How to calculate t-test for the difference of means to assess which algorithm achieves higher F1 score?

107 Views Asked by At

I am working on a project in which my expected outcome is which classifier has performed very well on the basis of F1 Score. I am conducting a t-test for the difference of means to assess which algorithm achieves higher F1 score.

I have F1 Score of both classifiers alog_A: 0.589744 and algo_B: 0.641026

Following is the code that I am using to meet my project requirements but from this code I am getting any of the resuls it's showing me NaN. How I can fix this issue?

from scipy import stats
t_value,p_value=stats.ttest_ind(f1_score_Algo_A,f1_score_Algo_B)
print('Test statistic is %f'%float("{:.6f}".format(t_value)))
print('p-value for two tailed test is %f'%p_value)
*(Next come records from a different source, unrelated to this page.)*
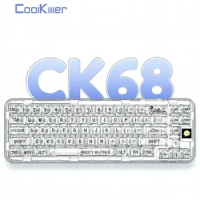 CoolKiller CK68 Tri-Modes Wireless Gasket Mechanical Keyboard RGB Backlit Hot Swappable Gaming Keyboard With Aluminium Case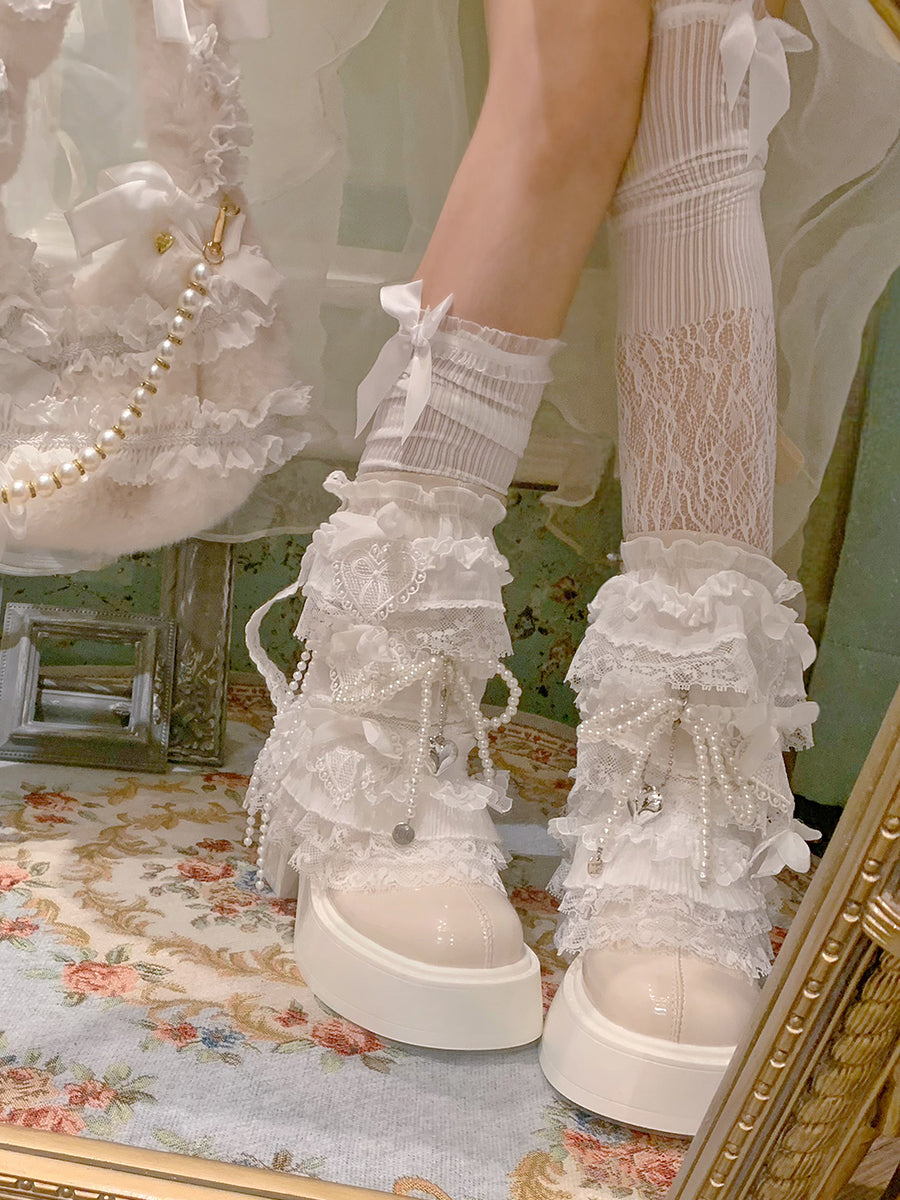 Lolita Pearl Lace Patent Leather White Ankle Boots LE5005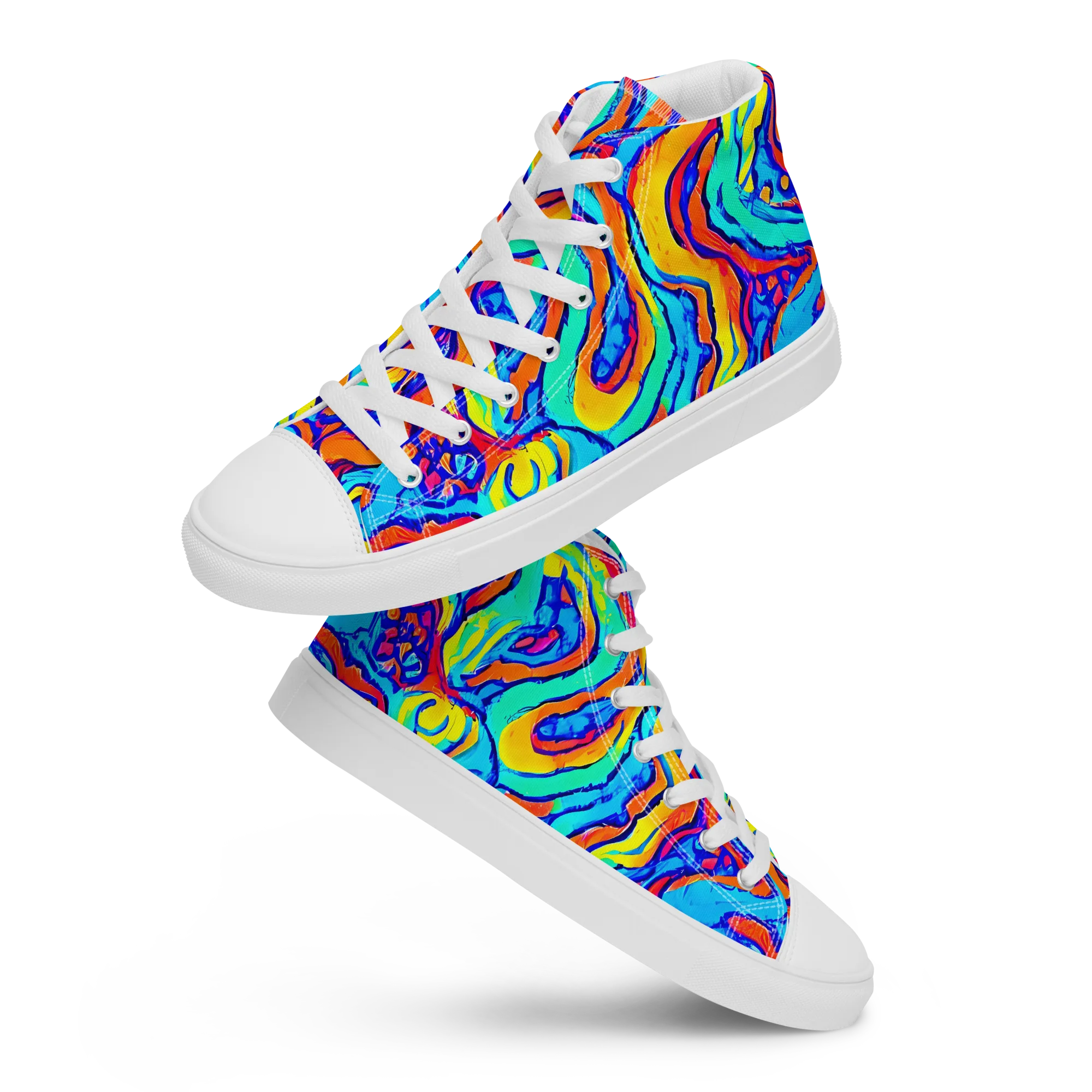 Tangerine Tempest on Women's High Top Canvas Shoes — Front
I am getting the following output

Test statistic is nan
p-value for two tailed test is nan

My expected results is which algorithm has performed well with t-test difference value and p_value.

1

There are 1 best solutions below

2
Sandipan Dey On

Try this, note that in this case both f1_scores_Algo_A and f1_scores_Algo_B are lists and can be treated as two independent samples of scores:

from sklearn.metrics import f1_score
from scipy import stats

from sklearn.linear_model import LogisticRegression
from sklearn.tree import DecisionTreeClassifier
from mlxtend.data import iris_data
from sklearn.model_selection import train_test_split

algo_A = LogisticRegression(random_state=1, max_iter=1000)  # try your algos / models
algo_B = DecisionTreeClassifier(random_state=1, max_depth=3)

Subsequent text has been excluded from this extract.